Meta said it would appeal the decision.
“This decision ignores the realities of the thriving European market for online classified listing services and shields large incumbent companies from a new entrant, Facebook Marketplace, that meets consumer demand in innovative and convenient new ways,” the company said in a blog post.
The European Commission, which serves as the bloc’s top antitrust enforcer, launched an investigation in 2021 into whether the tech giant was violating regional competition rules, specifically looking at the role Marketplace played in maintaining its dominance. Reuters reported in July that Meta was expected to be fined as a result of the probe.
Last year, Meta agreed to limit what data from its other business it uses to fuel Facebook Marketplace to settle similar complaints from Britain’s competition authority.
European enforcers in July separately accused Meta of violating their sweeping new competition rule book, the Digital Markets Act, by forcing users across its platforms to decide whether to pay to skip ads.
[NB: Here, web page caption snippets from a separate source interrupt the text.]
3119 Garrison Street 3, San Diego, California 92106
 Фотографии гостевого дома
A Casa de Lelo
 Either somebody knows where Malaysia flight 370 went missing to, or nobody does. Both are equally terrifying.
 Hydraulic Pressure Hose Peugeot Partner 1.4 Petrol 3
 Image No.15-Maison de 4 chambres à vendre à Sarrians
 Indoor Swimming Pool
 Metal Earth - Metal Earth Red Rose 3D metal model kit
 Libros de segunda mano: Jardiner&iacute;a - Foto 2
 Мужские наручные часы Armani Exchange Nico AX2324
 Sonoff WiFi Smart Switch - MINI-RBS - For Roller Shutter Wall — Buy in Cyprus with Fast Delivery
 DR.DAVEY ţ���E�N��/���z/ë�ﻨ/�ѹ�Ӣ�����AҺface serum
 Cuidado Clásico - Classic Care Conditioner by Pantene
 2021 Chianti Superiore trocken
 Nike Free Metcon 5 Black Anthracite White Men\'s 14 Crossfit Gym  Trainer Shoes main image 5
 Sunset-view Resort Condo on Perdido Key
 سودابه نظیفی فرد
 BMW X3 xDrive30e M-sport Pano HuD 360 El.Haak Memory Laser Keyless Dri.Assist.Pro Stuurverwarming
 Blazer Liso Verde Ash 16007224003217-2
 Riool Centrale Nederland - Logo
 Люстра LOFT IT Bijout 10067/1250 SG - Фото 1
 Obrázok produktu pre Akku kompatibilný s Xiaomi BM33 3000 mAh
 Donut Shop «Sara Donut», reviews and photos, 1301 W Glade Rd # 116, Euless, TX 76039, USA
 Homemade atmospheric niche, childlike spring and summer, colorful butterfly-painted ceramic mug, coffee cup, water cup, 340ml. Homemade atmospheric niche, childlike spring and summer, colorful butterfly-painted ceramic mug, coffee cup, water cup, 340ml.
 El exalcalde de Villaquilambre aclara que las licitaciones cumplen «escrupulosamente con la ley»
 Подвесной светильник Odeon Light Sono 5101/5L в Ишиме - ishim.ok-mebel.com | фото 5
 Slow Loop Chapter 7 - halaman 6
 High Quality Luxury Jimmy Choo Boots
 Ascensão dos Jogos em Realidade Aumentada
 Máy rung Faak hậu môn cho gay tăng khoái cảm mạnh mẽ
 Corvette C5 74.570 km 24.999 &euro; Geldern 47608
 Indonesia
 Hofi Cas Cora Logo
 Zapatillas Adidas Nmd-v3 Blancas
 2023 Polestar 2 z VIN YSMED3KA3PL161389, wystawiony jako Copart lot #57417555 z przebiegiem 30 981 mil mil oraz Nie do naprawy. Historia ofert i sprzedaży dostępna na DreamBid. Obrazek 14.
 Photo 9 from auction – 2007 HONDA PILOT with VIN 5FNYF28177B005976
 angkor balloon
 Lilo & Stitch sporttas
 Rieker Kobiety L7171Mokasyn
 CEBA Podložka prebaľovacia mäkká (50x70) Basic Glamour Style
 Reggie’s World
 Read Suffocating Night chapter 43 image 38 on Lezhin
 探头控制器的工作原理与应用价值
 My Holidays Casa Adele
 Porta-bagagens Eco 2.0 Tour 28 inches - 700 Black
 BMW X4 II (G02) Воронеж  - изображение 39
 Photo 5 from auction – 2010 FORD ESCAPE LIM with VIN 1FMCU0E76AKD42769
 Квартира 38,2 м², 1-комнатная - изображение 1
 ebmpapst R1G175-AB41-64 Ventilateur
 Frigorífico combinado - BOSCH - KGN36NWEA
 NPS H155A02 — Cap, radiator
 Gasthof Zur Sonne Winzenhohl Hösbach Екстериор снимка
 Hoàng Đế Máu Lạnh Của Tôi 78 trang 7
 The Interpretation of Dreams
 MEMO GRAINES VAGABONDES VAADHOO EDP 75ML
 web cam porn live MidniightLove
The regulations, which took effect in March, represent the most significant global attempt to place new guardrails on competitive abuses in the tech sector.
Meta announced this week that it plans to reduce the subscription cost it would charge for users not to see ads in the EU, and that those who choose to use its site without paying would see fewer personalised ads.
“However, we remain committed to personalised advertising, which will always be the cornerstone of a free and inclusive internet,” the company said.